Restate all of the following data exactly, keeping any images out of the copy.

**Input data**:
*-*-*

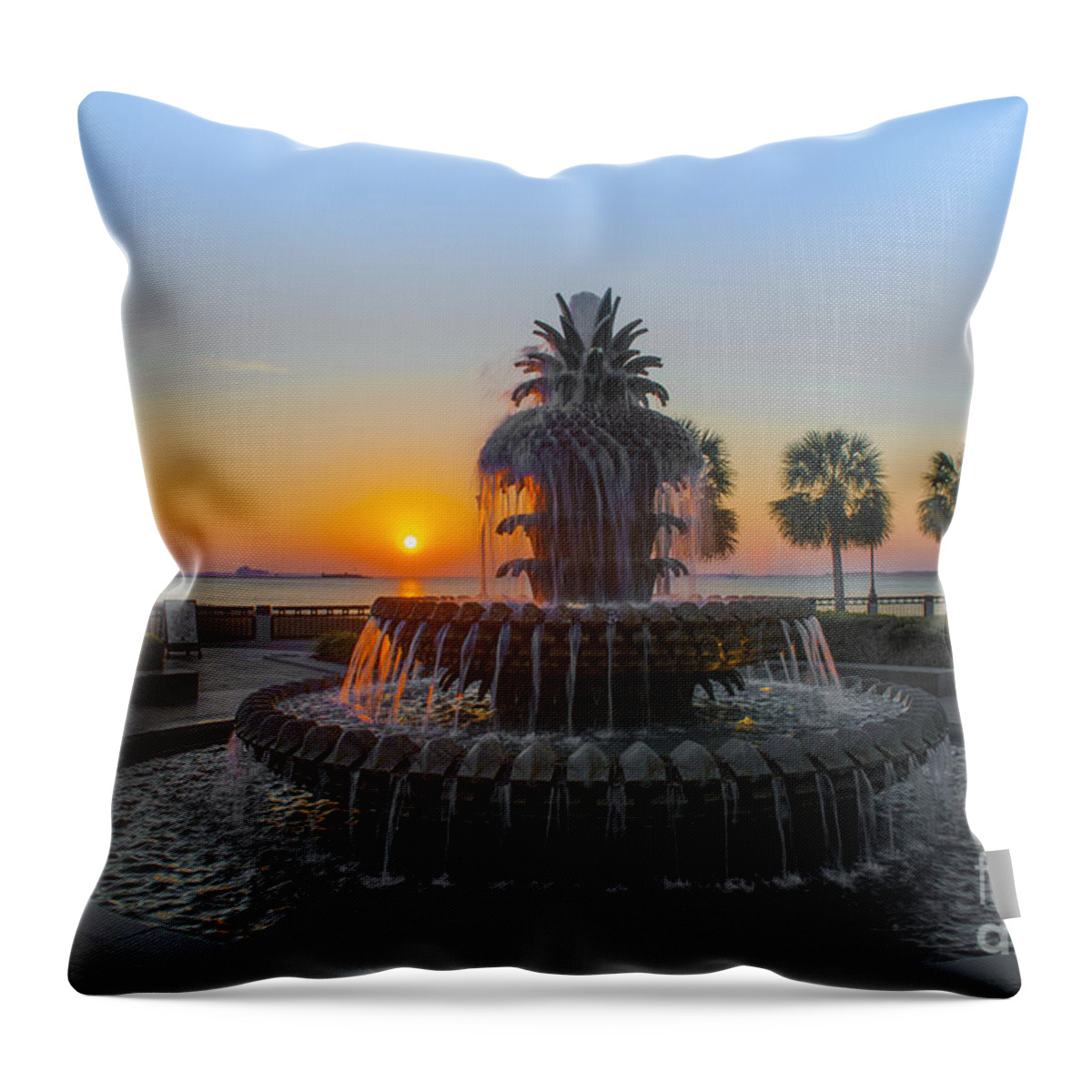 Pineapple Fountain At Waterfront Park In Downtown Charleston Sc Throw Pillow featuring the photograph Sunrise over Charleston by Dale Powell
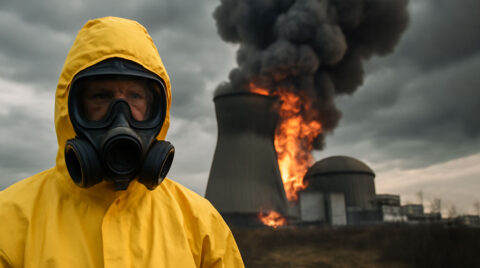 تصویری از انفجار تاسیسات هسته ای و مردی با ماسک شیمیایی در کنارآن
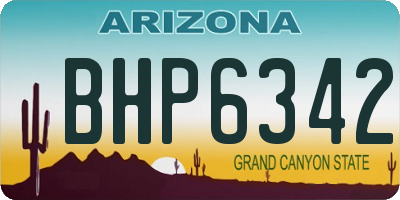 AZ license plate BHP6342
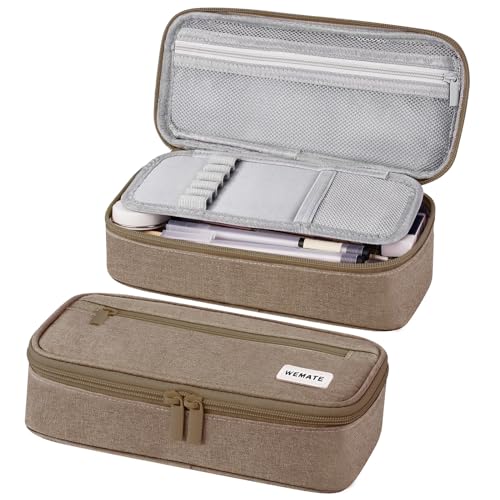 WEMATE Großes Federmäppchen, großes Fassungsvermögen, Federmäppchen, Schreibwaren, Stifttasche, Aufbewahrung, hohe Kapazität, Beutel, Organizer, Marker, Stifteetui für Damen und Herren, Braun von WEMATE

*-*-*

**Exercise result**:
 Pineapple Fountain At Waterfront Park In Downtown Charleston Sc Throw Pillow featuring the photograph Sunrise over Charleston by Dale Powell
 تصویری از انفجار تاسیسات هسته ای و مردی با ماسک شیمیایی در کنارآن
 AZ license plate BHP6342
 WEMATE Großes Federmäppchen, großes Fassungsvermögen, Federmäppchen, Schreibwaren, Stifttasche, Aufbewahrung, hohe Kapazität, Beutel, Organizer, Marker, Stifteetui für Damen und Herren, Braun von WEMATE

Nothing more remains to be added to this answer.